Branch | Test | Coverage |
---|---|---|
master | ||
devel |
This repository hosts stellar-ingest, a module of the Stellar - Graph Analytics platform developed by CSIRO Data61. This module takes care of ingesting relational data, stored as CSV files, into a graph, for further processing by Stellar.
If you are interested in running the entire Stellar platform, please refer to the instructions on the main Stellar repository.
Copyright 2017-2018 CSIRO Data61
Licensed under the Apache License, Version 2.0 (the "License"); you may not use the files included in this repository except in compliance with the License. You may obtain a copy of the License at
http://www.apache.org/licenses/LICENSE-2.0
Unless required by applicable law or agreed to in writing, software distributed under the License is distributed on an "AS IS" BASIS, WITHOUT WARRANTIES OR CONDITIONS OF ANY KIND, either express or implied. See the License for the specific language governing permissions and limitations under the License.
The remainder of this page describes how to build and run stellar-ingest from its source code.
Additionally stellar-ingest is available as a Docker image. See details at the dedicated documentation page.
stellar-ingest is a Clojure program and uses Leiningen as build tool.
To create a standalone executable (jar file) run the following command from within stellar-ingest code repository root:
lein uberjar
Currently, stellar-ingest offers two main interfaces to perform graph ingestion:
- a command line interface (CLI), invoking stellar-ingest as a utility for every new ingestion, passing parameters on the command line;
- a RESTful API, starting stellar-ingest as a server and making ingestion requests via http.
In both cases the following pieces of information are required for stellar-ingest to operate:
- input CSV files (see details on format);
- a JSON-encoded graph schema, including mappings between CSV columns and graph elements.
The resulting graph is represented using the Extended Property Graph Model (EPGM) and stored using its JSON serialization format. For additional details see also the stellar-utils documentation.
Note: the Stellar platform includes a Python client library, which allows to access all modules from Python scripts, using the REST API. An example, which includes data ingestion, can be found here.

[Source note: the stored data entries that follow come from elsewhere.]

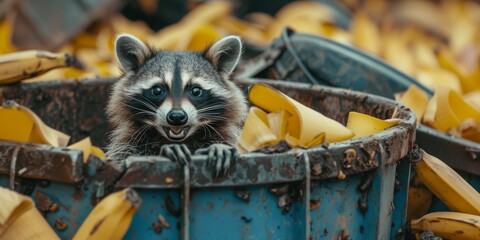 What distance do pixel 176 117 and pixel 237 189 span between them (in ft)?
2.33

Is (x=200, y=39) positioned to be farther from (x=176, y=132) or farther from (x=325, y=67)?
(x=176, y=132)

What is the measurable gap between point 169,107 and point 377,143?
937 millimetres

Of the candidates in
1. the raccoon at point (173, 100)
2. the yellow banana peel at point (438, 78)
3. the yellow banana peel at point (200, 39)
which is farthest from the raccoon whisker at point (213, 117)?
the yellow banana peel at point (438, 78)

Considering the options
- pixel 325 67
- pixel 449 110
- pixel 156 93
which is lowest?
pixel 325 67

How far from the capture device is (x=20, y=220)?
249 centimetres

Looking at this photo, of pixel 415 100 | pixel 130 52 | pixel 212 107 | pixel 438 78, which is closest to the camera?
pixel 212 107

Once the program has been compiled, from the repository root issue:
java \
-cp ./target/uberjar/stellar-ingest-0.1.0-standalone.jar \
stellar_ingest.schema \
path/to/schema_file.json \
path/to/output_directory \
arbitrary-graph-label
A ready-to-use example is provided with the source code repository. It represent a (tiny) film database (FilmDB), in the spirit of the Internet Movie Database (IMDB), that can be used to create a graph linking films with actors, non-acting staff and production companies.

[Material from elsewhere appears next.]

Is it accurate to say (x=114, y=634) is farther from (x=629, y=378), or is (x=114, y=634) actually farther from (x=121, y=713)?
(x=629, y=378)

cd resources/examples/imdb_norm
java \
-cp ../../../target/uberjar/stellar-ingest-0.1.0-standalone.jar \
stellar_ingest.schema \
imdb_norm_schema.json \
imdb_output \
imdb
A directory imdb_output
will be created, which contains an EPGM graph with
label imdb
.
To run stellar-ingest in server mode and access the REST API issue this command:
java \
-cp ./target/uberjar/stellar-ingest-0.1.0-standalone.jar \
stellar_ingest.rest
After stellar_ingest.rest
it is possible to specify a port number for the
server to listen on. The default port is 3000. Along with REST requests, this
port also serves an API documentation page. To see it point a web browser to:
http:\\localhost:3000
Graph ingestion is triggered by am http POST
request to the endpoint
ingestor/ingest
. The request body, encoded in JSON, is composed by the graph
schema, as used in the CLI ingestion process, enriched by a few elements:
{
"abortUrl": "https://requestb.in/HERE-YOUR-BIN",
"completeUrl": "https://requestb.in/HERE-YOUR-BIN",
"sessionId": "example-session",
"label": "imdb",
"output": "imdb_output",
"sources": [ ... ],
"mapping": { ... },
"graphSchema": { ... },
}
You can try it on the included MovieDB example. Add additional JSON file, with the
additional required elements, is provided (imdb_norm_schema_rest.json
).
cd resources/examples/imdb_norm
java \
-cp ../../../target/uberjar/stellar-ingest-0.1.0-standalone.jar \
stellar_ingest.rest
curl -X POST \
--header 'Content-Type: application/json' \
--header 'Accept: application/json' \
-d '@imdb_norm_schema_rest.json' \
'http://localhost:3000/ingestor/ingest'
Further documentation is provided in the doc directory of this repository.